The US Consumer Price Index (CPI) for November is set to be released at 8:30 AM ET (7:00 PM IST) today. Analysts expect a headline reading of 3.1% and a core reading of 3.0%, with month-over-month growth projected at around 0.3%.
This CPI release is particularly important as the October report was canceled due to government shutdown-related data disruptions, leaving the Federal Reserve and markets partially in the dark. Investors are closely monitoring services for signs of sustained disinflation and goods to assess remaining tariff-driven price pressures.
Historical Market Reaction
In prior CPI releases, the S&P 500 rose 10 days later in 7 out of 8 cases, with October being the exception due to a hawkish FOMC. With the Fed meeting now behind us and seasonal “Santa rally” tailwinds approaching, markets are generally expected to move higher.

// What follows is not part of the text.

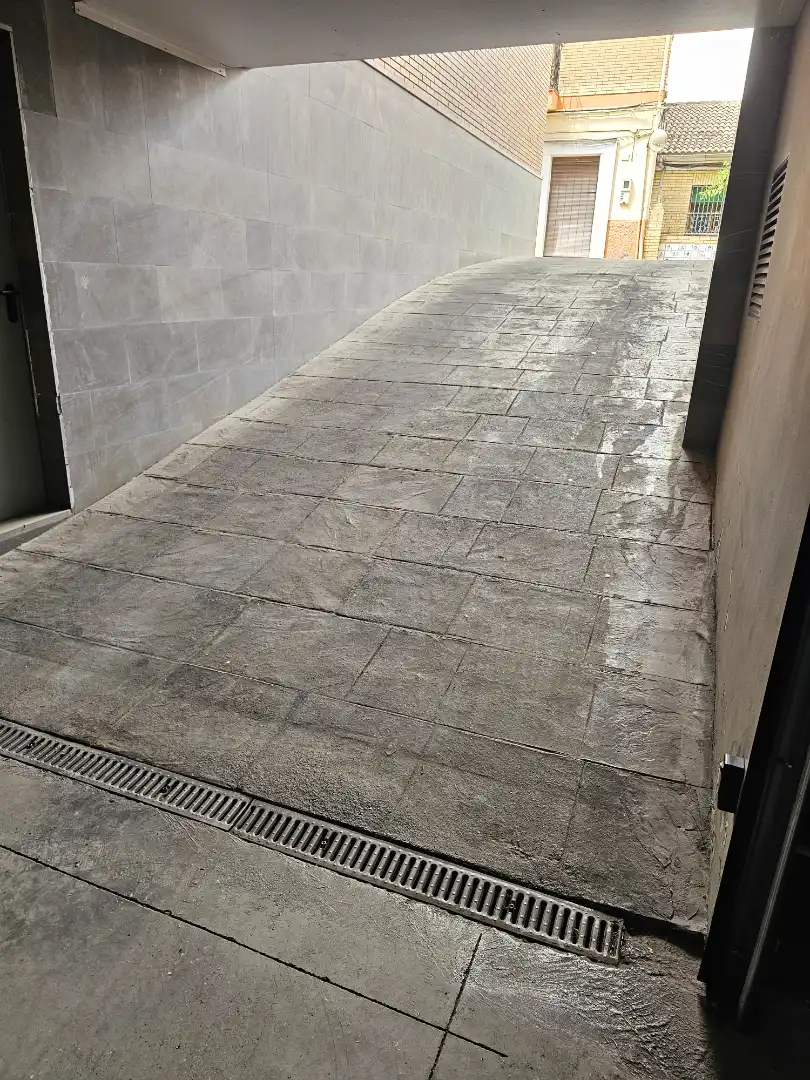 Terraza de Ático en venta en Armilla con Aire acondicionado, Calefacción y Terraza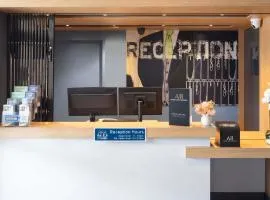 ibis Budget Brisbane Airport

Potential Impact on Cryptocurrencies
Bitcoin (BTC), Solana (SOL), and other crypto assets are highly sensitive to CPI data due to its influence on liquidity and Fed policy expectations.
Bullish Scenario
- CPI at or below 3.1% could ease Fed concerns
- Likely decline in the US Dollar Index (DXY)
- Increased liquidity may boost crypto prices
Bearish Scenario
- Hotter-than-expected CPI may keep the Fed cautious
- Risk assets, including cryptocurrencies, could face downward pressure
Bitcoin Technical Outlook
Traders expect potential liquidity sweeps and reactions around order blocks. While short-term volatility is likely, the higher timeframe trend for Bitcoin remains cautious, with the CPI data serving as a key near-term catalyst.
If November CPI meets or falls below 3.1%, cryptocurrencies may benefit from renewed bullish momentum alongside stocks. Conversely, a hotter reading could dampen market sentiment. Investors and traders should brace for volatile market reactions following the release.